→ YOUR OBJECTIVE: Below are some records; quote exactly the lines from the one that contains "The Rolling Stones" through the one that contains "LUUFILx Dinosaur 4th", inclusive, and no others.

[Short text fragments from websites]
○ ○ ○ ○

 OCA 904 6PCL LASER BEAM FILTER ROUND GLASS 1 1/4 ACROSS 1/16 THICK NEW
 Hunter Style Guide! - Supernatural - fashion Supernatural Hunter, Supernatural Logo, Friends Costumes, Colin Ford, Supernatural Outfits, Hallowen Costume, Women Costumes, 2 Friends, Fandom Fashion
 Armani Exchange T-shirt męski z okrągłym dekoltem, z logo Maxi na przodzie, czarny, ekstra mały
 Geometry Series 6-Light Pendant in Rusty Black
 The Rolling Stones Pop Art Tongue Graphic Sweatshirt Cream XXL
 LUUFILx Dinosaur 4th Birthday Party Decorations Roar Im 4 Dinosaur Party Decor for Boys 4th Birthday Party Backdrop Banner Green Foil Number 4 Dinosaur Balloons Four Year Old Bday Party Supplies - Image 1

○ ○ ○ ○

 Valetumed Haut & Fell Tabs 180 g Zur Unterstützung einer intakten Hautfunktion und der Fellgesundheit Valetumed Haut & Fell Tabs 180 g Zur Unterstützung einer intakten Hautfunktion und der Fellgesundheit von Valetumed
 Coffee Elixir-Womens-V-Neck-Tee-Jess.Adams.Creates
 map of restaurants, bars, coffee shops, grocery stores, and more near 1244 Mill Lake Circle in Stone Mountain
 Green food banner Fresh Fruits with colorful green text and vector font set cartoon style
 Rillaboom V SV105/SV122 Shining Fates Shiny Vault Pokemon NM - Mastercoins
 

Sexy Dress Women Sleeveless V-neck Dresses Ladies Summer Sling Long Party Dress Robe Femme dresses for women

○ ○ ○ ○

→ WRITTEN SOLUTION:
 The Rolling Stones Pop Art Tongue Graphic Sweatshirt Cream XXL
 LUUFILx Dinosaur 4th Birthday Party Decorations Roar Im 4 Dinosaur Party Decor for Boys 4th Birthday Party Backdrop Banner Green Foil Number 4 Dinosaur Balloons Four Year Old Bday Party Supplies - Image 1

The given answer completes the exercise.